Table6_SNX20AR/MiRNA-301a-3p/SNX20 Axis Associated With Cell Proliferation and Immune Infiltration in Lung Adenocarcinoma.xlsx

Lung cancer is the most common tumor with severe morbidity and high mortality. Increasing evidence has demonstrated that SNX20 plays crucial roles in the progression of human cancer. However, the functions and mechanism of SNX20 in LUAD are still barely known. Here, we employ the TCGA, GEO and CCLE databases to examine the expression of SNX20 in human varies cancer, the results shown that SNX20 is down-regulated in lung Adenocarcinoma, SNX20 level was significantly positive correlated with poor prognosis and lung cancer immune cell infiltration. We found that over-expression of SNX20 significantly restrain NSCLC cell proliferation and migration. Subsequently, we discover a network regulating SNX20 in LUAD, further study found that the decreased of the SNX20 likely caused by DNA hypermethylation. Furthermore, we identified that SNX20AR/miRNA-301a-3p mediated decreased of SNX20 correlated with lung cancer progression and cancer immune infiltration in LUAD. Our findings suggested that ncRNAs play a crucial role in the regulatory network of SNX20. Collectively, our findings demonstrate the suppressor roles of the SNX20AR/miRNA-301a-3p/SNX20 axis in Lung Adenocarcinoma, represent that SNX20 have the potential of as an effective therapeutic target in future.

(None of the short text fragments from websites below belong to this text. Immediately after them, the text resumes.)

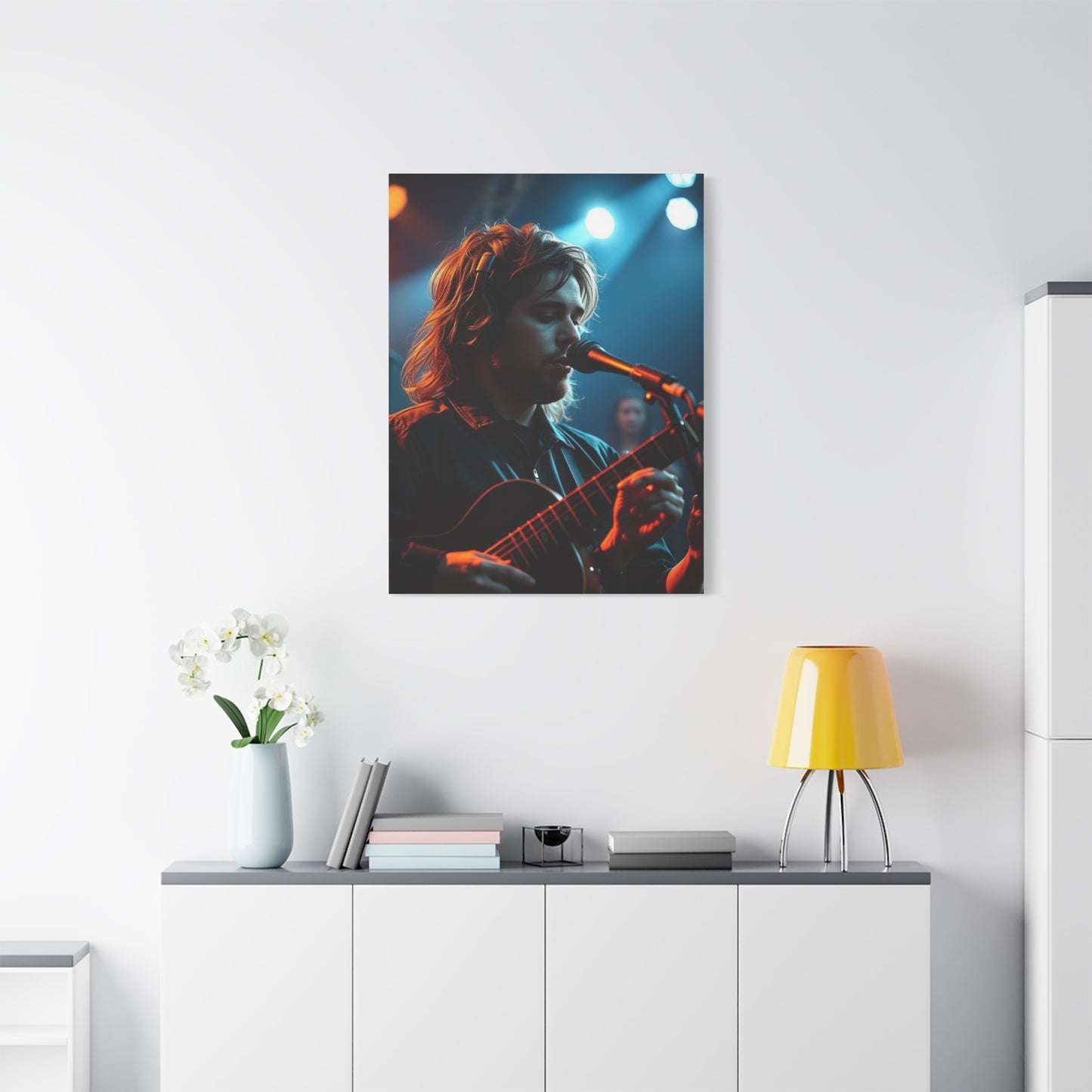 Rhapsody in Canvas Wall Art & Canvas Print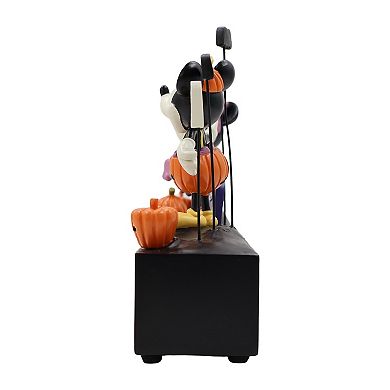 Celebrate Together™ Disney's Minnie Mouse & Mickey Mouse Frightful Fun Polyresin LED Table Decor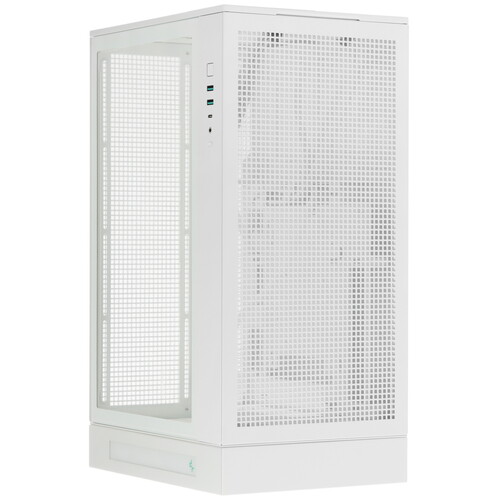 DEEPCOOL Корпус DEEPCOOL CH270 DIGITAL [CH270 DIGITAL WH] белый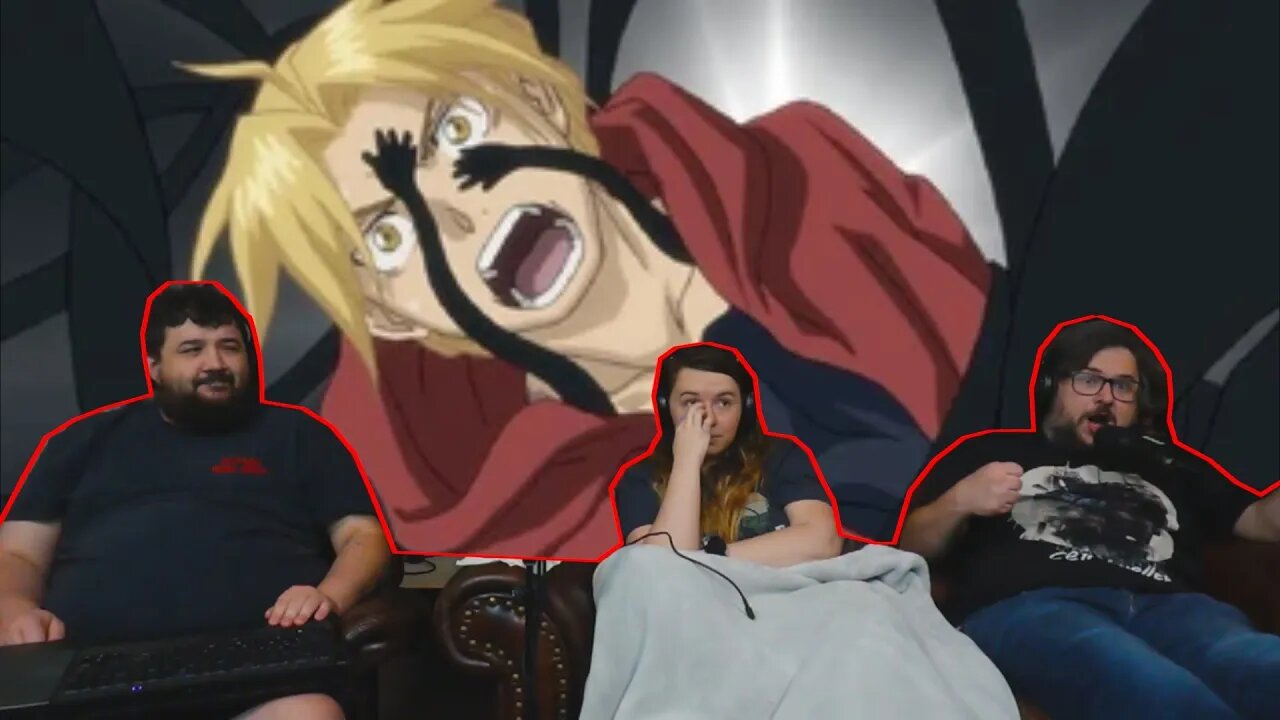 Fullmetal Alchemist: Brotherhood - Episode 58 | RENEGADES REACT "Sacrifices"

肺癌是临床最常见的恶性肿瘤，兼具高发病率与高致死率。已有越来越多的研究证据表明，分选连接蛋白20（Sorting Nexin 20，SNX20）在人类癌症的发生进展中发挥关键调控作用。然而，SNX20在肺腺癌（Lung Adenocarcinoma，LUAD）中的具体功能与作用机制仍鲜为人知。本研究借助TCGA、GEO及CCLE数据库，检测了SNX20在多种人类癌症中的表达水平，结果显示SNX20在肺腺癌中呈低表达状态，且其表达水平与肺癌患者不良预后及肿瘤免疫细胞浸润程度呈显著正相关。本研究发现，过表达SNX20可显著抑制非小细胞肺癌（Non-Small Cell Lung Cancer，NSCLC）细胞的增殖与迁移能力。随后，本研究构建了LUAD中调控SNX20的相关分子网络，进一步机制研究证实，SNX20表达下调可能由DNA高甲基化所导致。此外，本研究证实SNX20AR/miRNA-301a-3p介导的SNX20表达下调，与肺腺癌中的肺癌进展及肿瘤免疫浸润密切相关。本研究结果提示，非编码RNA（non-coding RNAs，ncRNAs）在SNX20的调控网络中发挥关键作用。综上，本研究证实SNX20AR/miRNA-301a-3p/SNX20调控轴在肺腺癌中发挥抑癌作用，表明SNX20有望成为未来肺癌治疗的有效靶点。